Desando lo andado, sin que el bretón de señales de latir ninguna. De repente, brinca del labrado contiguo. Esta vez, galleando a medio metro del suelo, cual antes. De similares maneras, le atizo los tres trallazos sin obstáculos que estorben y apuntando bien. El mismo resultado. Se las pira, aparentemente sana y salva. Mira que me ha alegrado verla salir indemne del lance anterior, pero fallarla otra vez…
- Estos cartuchos cierran demasiado. Después del mediodía, tengo que poner Mygra de 8,5 de primer cartucho.
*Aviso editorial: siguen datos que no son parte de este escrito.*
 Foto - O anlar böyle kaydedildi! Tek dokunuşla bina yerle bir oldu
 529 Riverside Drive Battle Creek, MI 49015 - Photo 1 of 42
Lo que sigue, pueden imaginárselo. Se lo he anticipado al comienzo del relato. Un duro retorno de otra hora con el cuerpo dolorido y el hombro maltrecho negándose a aceptar ningún peso. Los meniscos y las caderas clamando descanso. Mambo resiste algo mejor; aunque, como yo, va aspeado de uñas.
El sol aprieta. He consumido todo el protector labial y temo quemarme los labios. Sin embargo, camino feliz con mi perdiz. Dieciséis tiros. No lo cuenten.